A practical reference for securing autonomous AI agents against real-world attacks.
Autonomous AI agents — systems that can read data, use tools, and take action without constant human supervision — are increasingly deployed in production. They also represent a new and largely unsolved attack surface.
This repository documents the threat landscape and provides actionable defense patterns for builders, operators, and security researchers working with agentic AI systems.
Important: Prompt injection is not a solved problem. Input filtering alone fails against adaptive attacks with >85% success rates. The defenses here are about reducing risk, not eliminating it.
- Agent builders: Developers implementing autonomous systems (tool-using LLMs, multi-agent frameworks, coding assistants)
- Security engineers: Teams responsible for securing AI deployments
- Operators: People running agents in production who need to understand what can go wrong
- Researchers: Anyone studying adversarial robustness in agentic AI systems
Start with the threat model, then review defenses for your risk profile:
-
THREAT-MODEL.md — Comprehensive catalog of attacks against autonomous agents, organized by attack surface (Input, Tools, Memory, Credentials, Communication, Supply Chain). Read this first to understand what you're defending against.
-
DEFENSES.md — Practical mitigations mapped to each threat. Includes implementation guidance, effectiveness assessments, and honest trade-offs.
-
ARCHITECTURE.md — Zero-trust reference architecture for autonomous agents. Shows how to structure privilege separation, credential isolation, and monitoring.
-
CHECKLIST.md — Copy-paste security checklist. Use this to audit your deployment before going to production.
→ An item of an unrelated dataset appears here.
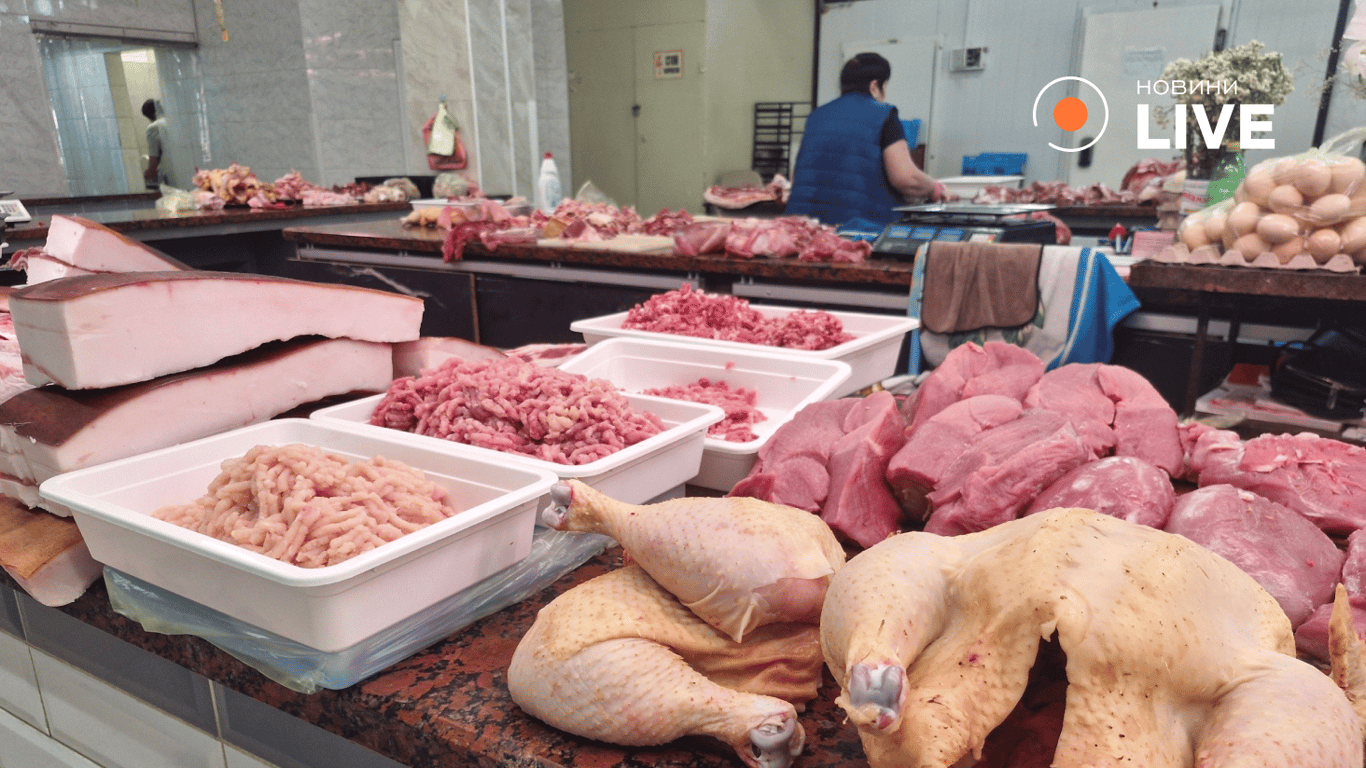 М'ясна продукція на Київському ринку. Фото: Новини.LIVE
This documentation is built on several foundational concepts:
An agent should satisfy no more than two of these three properties:
- (A) Processes untrustworthy inputs
- (B) Accesses sensitive systems or data
- (C) Changes state or communicates externally
If all three are required, require human approval for sensitive operations.
The combination of:
- Access to private data
- Exposure to untrusted content
- Ability to communicate externally
...creates a direct path to data exfiltration. Avoid this combination without strong controls.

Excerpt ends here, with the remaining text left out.